Hacker News new | ask | show | jobs
by JustUhThought 3558 days ago
No doubt. Where does the assumption come from that banks aren't aware of this market. And how on earth does one compare near lawlessness of Facebook with the most heavily regulated sector of banking. Lastly, is the author completely unaware that not all business models try to maximize "eyeballs", or customers and that some attempt simply to maximixe revenue or profit.
1 comments

Great critiques! Please understand that when you write a pitch the tone has to be a bit assertive. It wasn't meant to be insulting but rather invigorating. However I apologize for any offence if might have caused. We didn't mean any of it.

Having said that you raise many important points. Let me try to respond to them

>Where does the assumption come from that banks aren't aware of this market.

I'll concede that they probably are aware of this market. Now we want to build a service that caters to this market. And in the process make a profit for everyone involved. We know that there are businesses like revolut that have proven a part of this concept. We want to take it further.

If the market has been observed, services have been shown to be deficient and the concept proposed has been shown to be working then it should be smooth sailing.

>"not all business models try to maximize "eyeballs", or customers and that some attempt simply to maximixe revenue or profit"

There may be some business that don't try to maximize eyeballs or customers.
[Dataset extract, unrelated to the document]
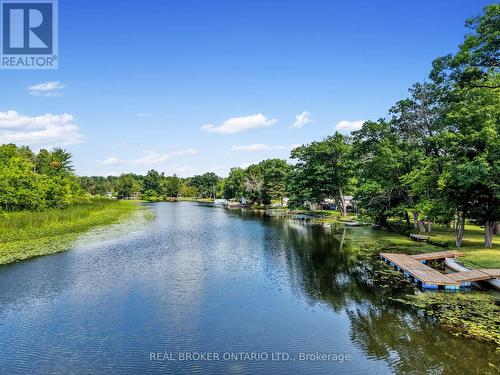 233 River Road E, Trent Hills, ON - Outdoor With Body Of Water With View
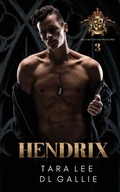 Cover: Hendrix - DL Gallie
But banks are not one of them for sure. If you look at the history of original credit cards they were made popular by

>"mass mailing of unsolicited credit cards (actual working cards, not mere applications) to a large population.[1]

It has also been my personal observation that banks put on large advertisements to attract new customers based on attributes like interest rates and after a certain period of time these attributes get constant across banks. We are suggesting that it could be beneficial in the long run to look for a different set of customers.

>And how on earth does one compare near lawlessness of Facebook with the most heavily regulated sector of banking

But we didn't suggest any lawlessness!

[1]https://en.wikipedia.org/wiki/Visa_Inc.#History

The credit card model is a major departure from classical banking, so I wouldn't consider it a valid counter argument here. And besides, credit cards aren't about maximizing eyeballs, they are about maximizing fees and revenue. And I wasn't suggesting you were advocating lawlessness, I was suggesting you were comparing apples to oranges. Facebook and banking are based on totally different business models.

Banking, proper, retail custmers, includes merchant banks, investment banks, money markets, M&A, public markets debt and equity, and such. The piece seemed to boil it down to retail banking.

Point taken, though I disagree with your assertions that credit cards don't have much to do with classical banking and that they are not about promotion.

It's also true that banking services are entirely different from facebook. But the goals are similar.

I guess one way to restate my opinion in a couple of lines would be

There are markets and customers that are not immediately in the operational radius of a local bank. Any bank that can create offerings that would appeal to such markets would stand to gain profit.